*** Records Section Begins ***

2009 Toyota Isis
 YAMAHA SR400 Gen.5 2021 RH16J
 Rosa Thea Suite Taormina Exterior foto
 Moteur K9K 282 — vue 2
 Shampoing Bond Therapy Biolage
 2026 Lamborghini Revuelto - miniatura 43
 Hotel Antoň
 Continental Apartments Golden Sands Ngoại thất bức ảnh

*** Records Section Ends ***

In the records above, find the line containing "Rosa Thea Suite Taormina Exterior foto" and print it and every later line exactly, through the last one.

Result of this task
 Rosa Thea Suite Taormina Exterior foto
 Moteur K9K 282 — vue 2
 Shampoing Bond Therapy Biolage
 2026 Lamborghini Revuelto - miniatura 43
 Hotel Antoň
 Continental Apartments Golden Sands Ngoại thất bức ảnh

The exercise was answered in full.